Who the heck is that on the cover?! Because it looks like Walt Disney. Like, i'm 98% sure that's the reanimated and re-headed corpse of Uncle Walt himself looming over everything. And the blonde on the right, I'm pretty sure I went to high school with her.  Oh, wait, that's Tony Bennett. And Diana Krall? I didn't go to school with Diana Krall, but there was a gal named Dana and she was mean to me all through 8th grade. I'm sure this Diana Krall is a perfectly nice human being.



As usual, the issue starts off with a cheese cake recipe/ad from the fine folks at Philly. Just one, this time, but it looks kinda tasty in an office potluck sort of way.  I mean, peppermint bark cookies and cream - basically an Oreo crust and topped with starlight mints. There's just a little too much going on there. You know the rule; always remove one accessory before leaving the house.

Rach's letter to all of us is a testament to how much she loves the holidays. From her 13 3-hour holiday music playlists to her 30-page list of ultra-personal gifts to buy, wrap, and give, she is 100% about Christmas. She even pushes her pool table aside so that she can have room to wrap all of the gifts she gives. She's regular people, just like us! She uses regular brown paper to wrap gifts! Joy!

Next page, walnut nachos. And then an article about hours d'ouvers. I used to call them horse dovers, among other things, and people used to correct me as if I didn't know how to properly ramp up a dinner party. We all know that any gathering needs nosh - and a couple plates of tasty nibbles early on goes a long way towards breaking the ice. Especially if guests are prompted to stop in amazement and look around wide-eyed, asking each other "Was this party catered by Costco?" Because that's what will happen.

Back to Tony and Diana, now we are reading all about their fabulous dinner together that you weren't invited to. Tony's mom's lasagna looks pretty tasty, but the secret ingredient isn't a secret. It's cinnamon. And everybody does it. Facing page, Stouffer's mac and cheese. Someone in layout is disgruntled and I wish I could tip them $10 whenever I see stuff like this.

On Our Radar, the monthly round up of cool new finds: Let's see - Lucite box purses. These were hot in the 1950s. But those aren't Lucite, they are just acrylic, and they will probably fall apart soon. Cookie jars, a Ninja fryer thingy, and sequined vodka is up next. The pink velvet mules are cute, but OH MY DOG NO - a DIY witch kit. I don't wanna sound like a gatekeeper, but some quartz, an abalone ashtray and sage smudge stick is not an introduction to witchery. I mean, it can be, in the right hands and with the right intention, but this thing as it is presented here, is simply crap from my dad's 2nd wife's coffee table, boxed up and sold to Bellevue wives for $46. I'm mad and I'm tempted to skip the rest of this section. Flip, flip, flip. Skipped.
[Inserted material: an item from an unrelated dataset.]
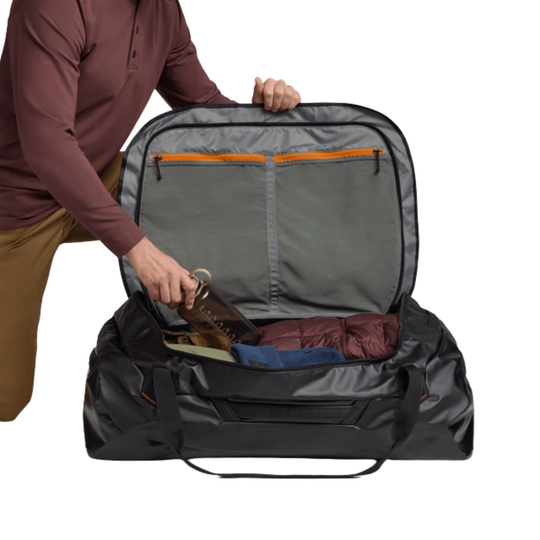 Person packing a large gray duffel bag with various items on a white background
13 Fast and Fresh Ideas:  Putting mushrooms on cheeseburgers. Come on now. This isn't new. And it's not a thing you need to be told about. Tika masala flatbread - instead of dipping bread into the tika masala, you put the tika masala on the bread. Like pizza, only tika. Gouda mac and cheese. We've covered all of these things. Ok, oysters with green apple jalapeno mignonette look kinda interesting, but then it's back to things we have been doing for years, like eggnog french toast.

30 Minute Meals: Again, this is not 30 meals I can make in a minute, as the title suggests. Polenta, shrimp... veal. I'm gonna stop right here and say the thing that shouldn't need to be said at all, but evidently bears repeating - veal is for assholes.

Now on to the holiday fare with a collection of roasts - lamb, salmon, prime rib, the usual. I'm just not into any of these. Growing up, we had turkey, if anything, and it was just like Thanksgiving Dinner 2: The Regorgenating. The one and only time I had prime rib for xmess was a couple of years ago at Hattie's Hat, and it was pretty good, but I think I liked the creamed spinach and mashed up taters better.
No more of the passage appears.